Python Forum
Thread Rating:
  • 0 Vote(s) - 0 Average
  • 1
  • 2
  • 3
  • 4
  • 5
Brute Forcing Anagrams
#1
Greetings,

I am part the way through my Online Python course. I started learning Python for one very specific use-case and I thought maybe it would be smart to ask the forums about my use-case so I can focus my Python attentions more strategically.

My use case is this...

I have a scrambled code made up of 300 English letters. It takes the form of a Word Search puzzle, so it's format is 20 columns by 15 rows. However, it is more than just a simple wordsearch. Hidden in this 300 letters are presumed to be various anagrams that produce an English message.

Now, given the number of characters we're working with, it is very easy to find LOTS of words in each row of letters or column of letters.

However, I believe the words I am looking for will be specific . So, I have spent time building myself a 'Word-List'. Right now it has approximately 1,000 words on it.

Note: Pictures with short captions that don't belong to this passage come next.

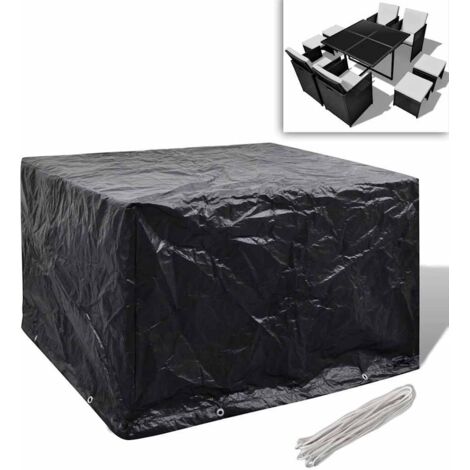 Cubierta para muebles de jardín 8 ojales 113x113x73 cm vidaXL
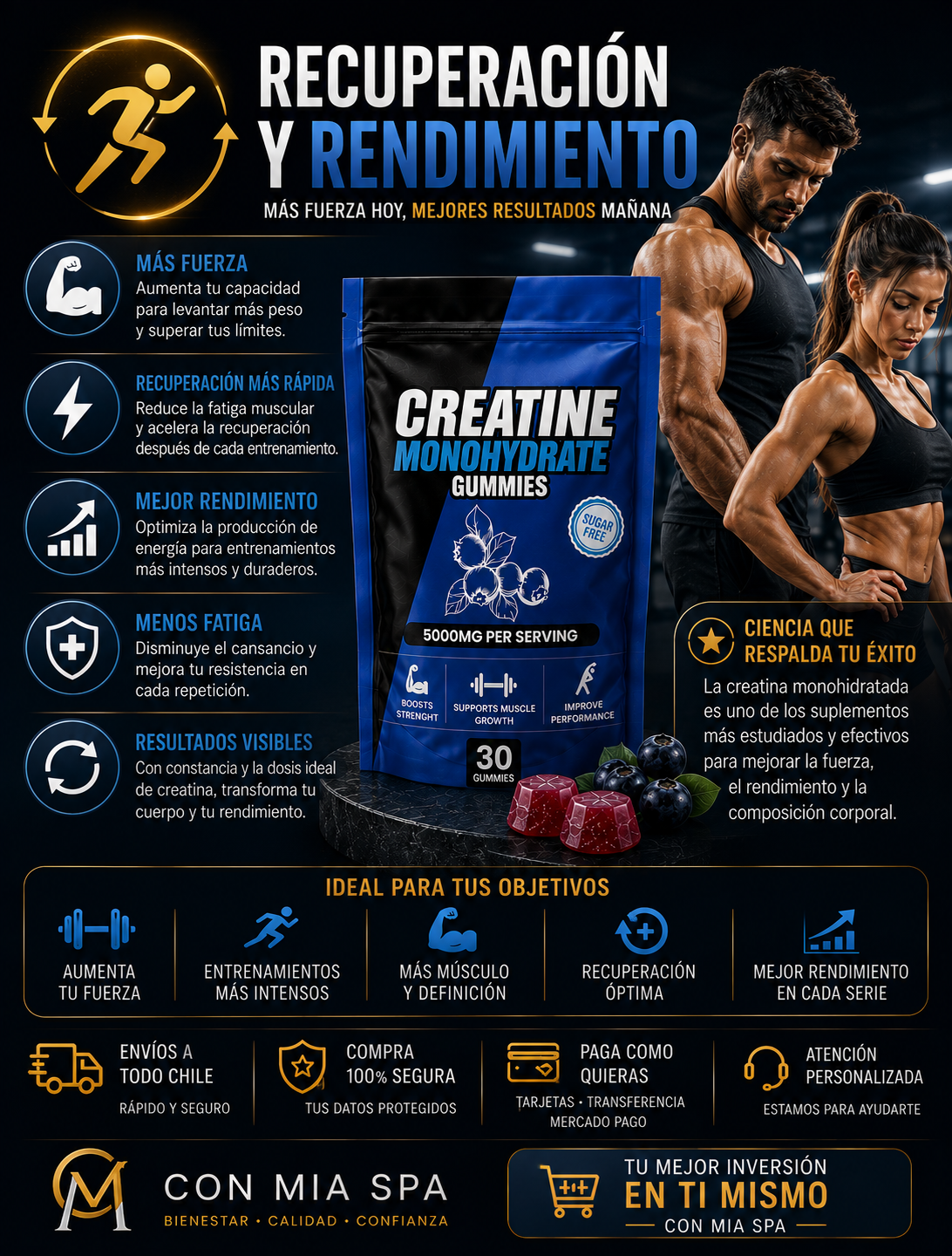 Gomitas de Creatina 5000 mg – Creatina Monohidrat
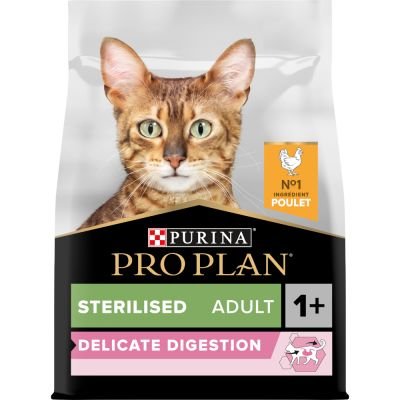 Purina Pro Plan Sterilised Adult Poulet pour Chats Stérilisés et Castrés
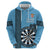 Personalised Fiji Darts Hoodie Fijian Tapa Pattern - Blue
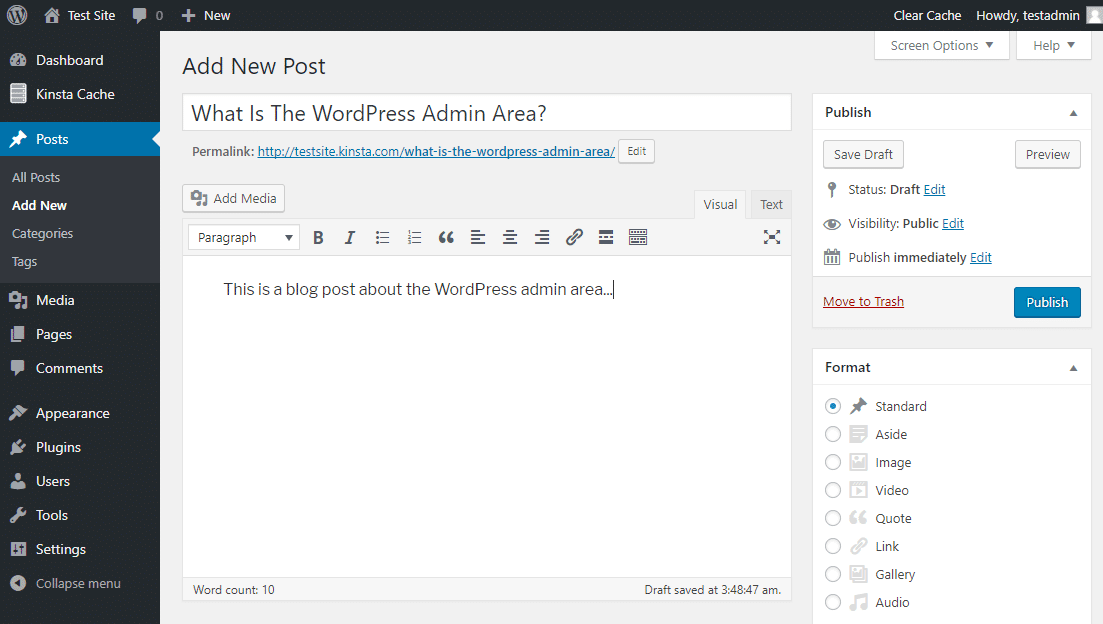 Das WordPress-Editor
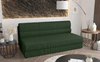 Kanapa rozkładana Fogu zielona prosta forma sofy w nowoczesnym designie sztruksowa tkanina obiciowa pojemnik na pościel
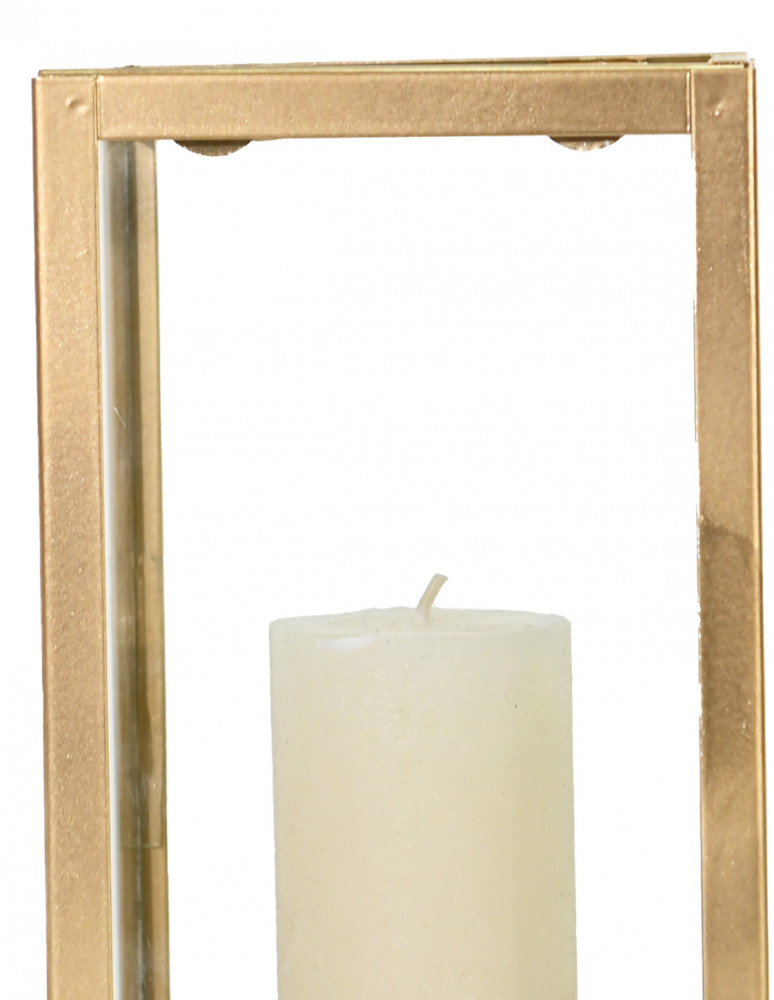 Photophore métal socle bois KANDAVA...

Here is what I want to code... I want to be able to tell my code that [it] can arrange each row of letters (15 rows total) of 20 letters each(20 columns total) in any order that it wants - in an attempt to match a word on my Word-List. Check horizontal rows for the word, then check vertical columns for the word. IF a match is found, make a note. ELSE, no match is found, move on to the next word on the word list.

So it would ultimately check the horizontal lines h1-h15, then check the vertical lines v1-v20. Once all rows and all columns have been checked for that word, move on to the next word on the list.

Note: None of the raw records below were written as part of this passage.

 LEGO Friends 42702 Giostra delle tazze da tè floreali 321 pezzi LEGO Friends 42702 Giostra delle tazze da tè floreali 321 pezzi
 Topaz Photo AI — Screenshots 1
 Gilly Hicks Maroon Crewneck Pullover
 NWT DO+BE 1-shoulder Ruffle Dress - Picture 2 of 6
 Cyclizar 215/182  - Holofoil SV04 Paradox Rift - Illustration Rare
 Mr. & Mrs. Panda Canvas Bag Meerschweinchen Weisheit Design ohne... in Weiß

I believe my list will continue to grow, but shouldn't exceed more than a few thousand words on my dictionary word-list. Again, these are specific words for specific topics that I believe are relevant to the puzzle I'm solving.

So since I am learning Python, how should I go about coding this, and what 'Python-coding-topics' should I focus my attentions on.

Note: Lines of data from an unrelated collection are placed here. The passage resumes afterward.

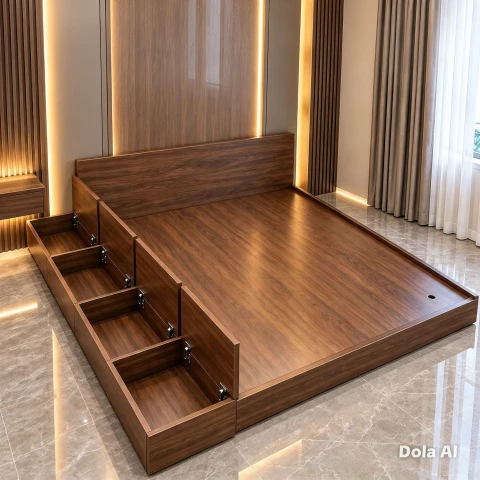 Giường Tatami có hộc để đồ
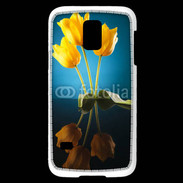 Coque Samsung Galaxy S5 Mini Miroir de tulipes
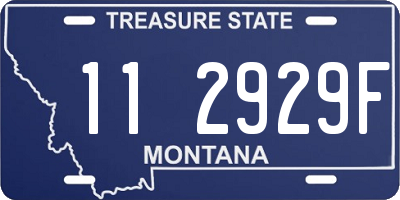 MT license plate 112929F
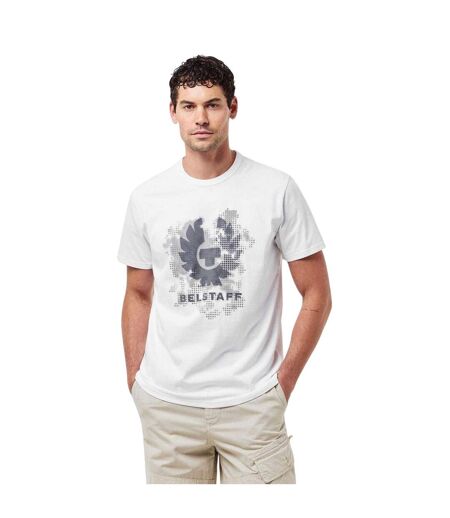 T-shirt Manches Courtes Motif/style Phéonix Homme Blanc Belstaff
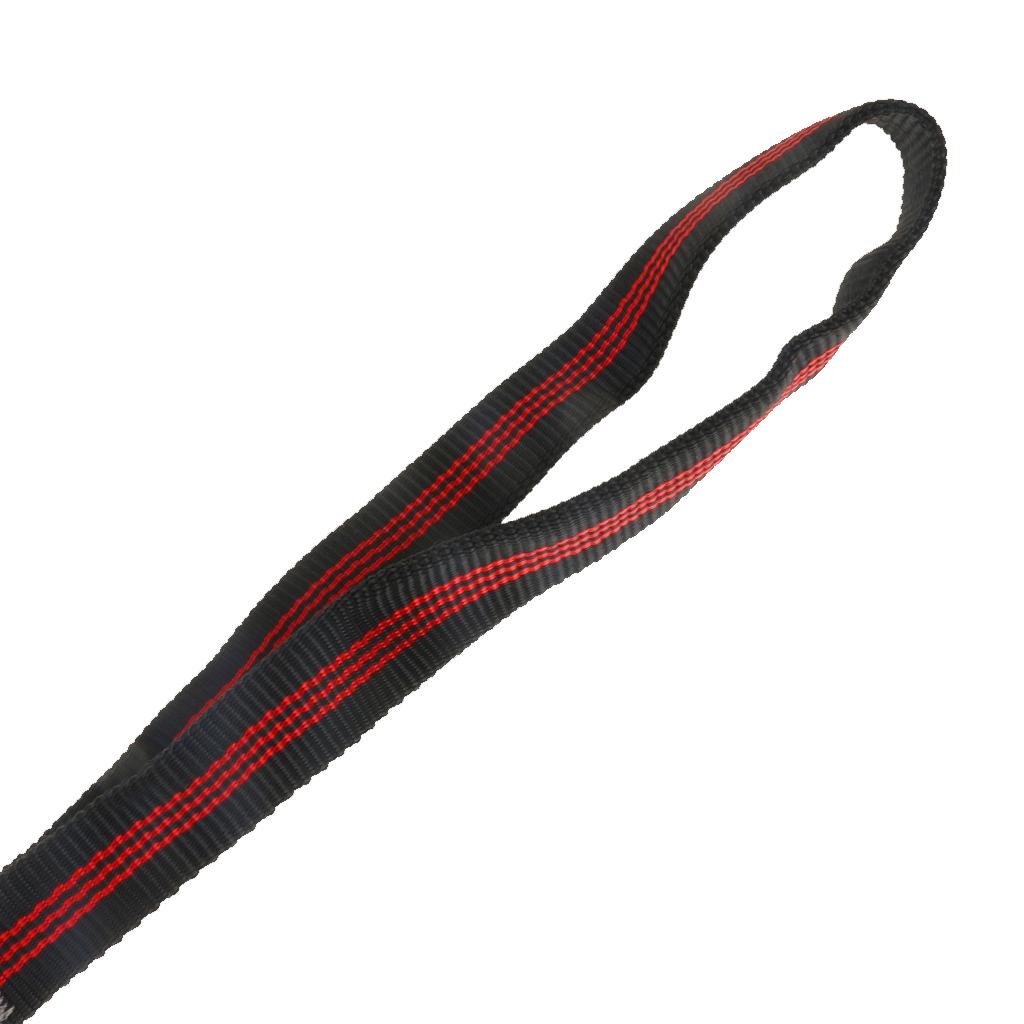 2xBlack Rock Tree Climbing Areial Yoga Daisy Chain Downhill Loop Sling 180CM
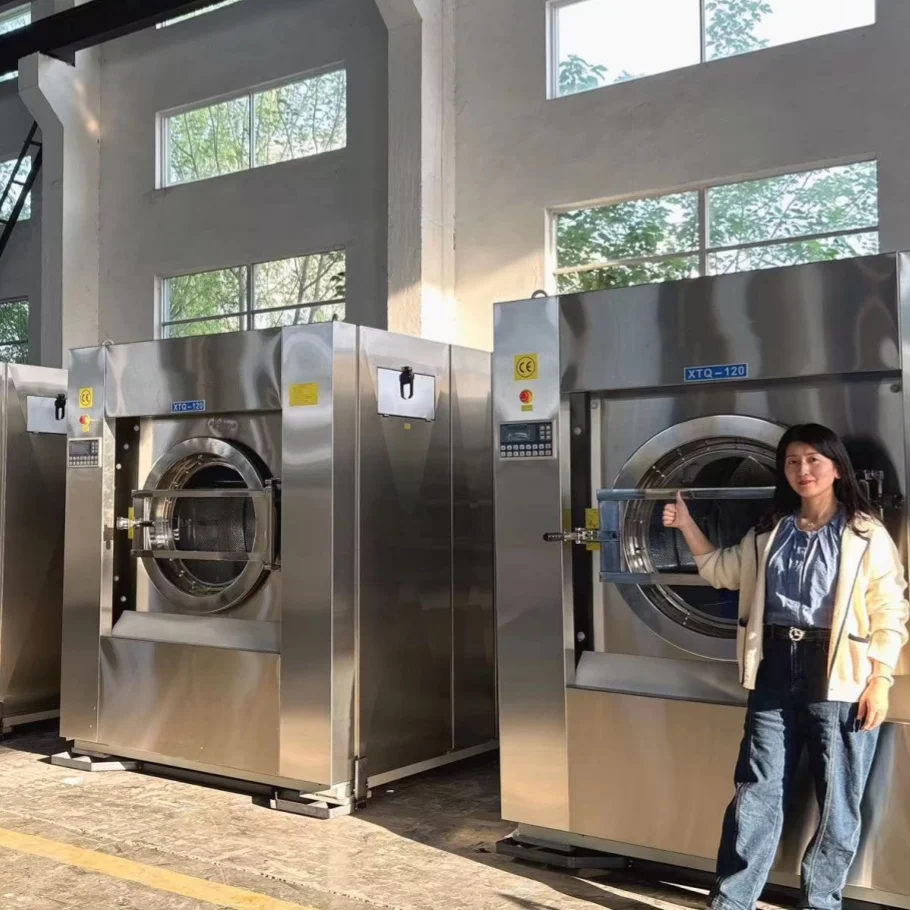 professional commercial washing machines 70kg front load washer extractor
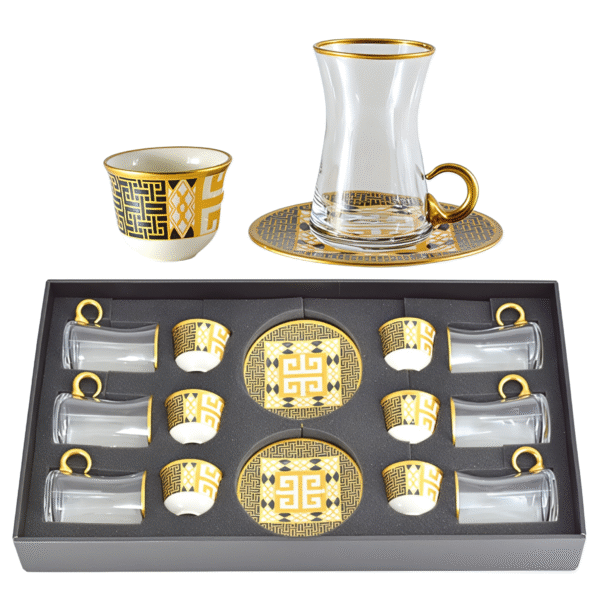 18 PCS TEA & MIRRA SET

Appreciate you all for reading this far and look forward to your Yoda guidance!

Thank You.
Reply
#2
[Image: 1Qb1300]
Here is an example of my scrambled word search. As an example, one of the words on my word-list is QUARTER.
So while examining horizontal line 13, it would find a match for that word, make a note, and continue on.
Hopefully this task makes sense as I could really use some guidance about coding this.
Reply
#3
You are probably not the first person to ever have wanted to do this. There are, as I see it, 2 stages:

1. Making
2. Solving

If you grasp the making, the solving will come easier, a kind of reverse-engineering of the creation. That said, resolving the words you found into sensible English may be tricky. I don't think word-search puzzles usually contain a readable text, unless you have a sensible criterion for the word order.

A very quick search found this page about how to create such puzzles. There are probably many more examples out there.
Reply
#4
(Jan-07-2025, 10:38 PM)Anorak Wrote: Hidden in this 300 letters are presumed to be various anagrams that produce an English message.

However, I believe the words I am looking for will be specific . So, I have spent time building myself a 'Word-List'. Right now it has approximately 1,000 words on it.

Here is what I want to code... I want to be able to tell my code that [it] can arrange each row of letters (15 rows total) of 20 letters each(20 columns total) in any order that it wants - in an attempt to match a word on my Word-List. Check horizontal rows for the word, then check vertical columns for the word. IF a match is found, make a note. ELSE, no match is found, move on to the next word on the word list.

Too much ambiguity. If you can't describe problem it's very seldom get solved. Conditions like "Presumed to be various anagrams", "I believe the words I am looking for will be specific" are very hard to put into any code.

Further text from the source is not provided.